Speculative Japan Volume Two is also right on schedule, and the translations are solid. Sure, I read all those stories in Japanese when I decided what to put in the book, but reading them in English is an entirely different thrill. It's still the same story, of course, but, well, it's also a new way to experience it. While the first volume of Speculative Japan consisted mostly of reprints from scholarly journals or small-press collections, this is almost entirely brand-new material and should make quite a splash when it comes out.
I'm also working on the table of contents for Speculative Japan Volume Three, with some really hot stories in the stack already. I hope to further expand the scope of the book and cover a wider range of speculative fiction, not just SF&F, and have a few pieces that will stir up a bit of excitement when they make it to English. Even in best-case, though, I don't think SJ3 will make it into print before early 2011.
The Kurodahan Press Japanese web pages are being put into decent shape finally, thanks to the invaluable assistance of Fujita Erina. There is still a lot more to do on the Japanese side, but with her help it is getting done at a positively breakneck (for us) pace!
The Second Kurodahan Press Translation Prize was won by Dink Tanaka for an outstanding translation of Takagi Nobuko's short story, to be published this year in Speculative Japan Volume 2. Congratulations, and thank you for a wonderful read!
And, on a personal note, my translation of Asamatsu Ken's short story, "Spherical Trigonometry," will be published later this year in Cthulhu's Reign, edited by Darrell Schweitzer and published by DAW Books. I've read the other stories in the anthology, and I'm honored to be a member of that company, if only as translator!
What about stuff that isn't up on the website yet?
Lots of exciting stuff happening under the surface, and some of it I just can't talk about yet because it's still not signed. We will be publishing the first works in Japanese by (literally) world-famous Serbian author Zoran Živković, and NEWS FLASH a number of his works in English as well as Japanese! Top-notch Japanese translator Yamada Junko, who has handled such luminaries as Robert A. Heinlein and Stephen King, will be handling translation of his work into Japanese. More information on that as it develops, but it should all happen this year.
We have permission to do a collection of works by award-winning Japanese author Yoshiyuki Junnosuke(吉行淳之介), who made quite a splash years ago when John Bester's translation of The Dark Room was published to bring his sensual and riveting work to the English mainstream. Work on this is being handled by expert translator Andrew Clare, who has done a number of pieces for us, and novels for other publishers.

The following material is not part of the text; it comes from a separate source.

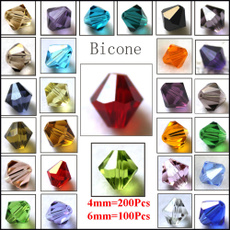 bicone, Ювелірні вироби, Jewelry Making, Glass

We are in discussion, and apparently on the verge of actually signing the contract for, a two-volume epic by a very famous Japanese author set at the time of the Meiji Restoration... incredible characters and action (mostly factual!), with a story line that is almost entirely drawn from the history books but still has enough energy to spin off a huge number of books, TV dramas, films and (more recently) manga and anime.
I wonder how many people would be interested in an English-language version of Tanaka Yoshiki's Legend of the Galactic Hero series? All I can say is that we're talking about it, but when I sacrificed a chicken over the New Year (yeah, I know it's supposed to be a goat, but roast chicken will fit in our oven...) all the signs and portents were good! That is one series I've wanted to do for, wow, decades! I don't know when all the i's will be dotted and t's crossed, but I'm already holding my breath on this one.
And of course there are a lot of other things bubbling slowly out of sight, but everyone says that. As bits and pieces bubble to the surface, though, I'll be announcing them here, so please drop back one in a while to see what we're into next.
Thanks for all your support throughout the year, and I hope you'll help us make 2010 another great year for Kurodahan, and J-Lit in English!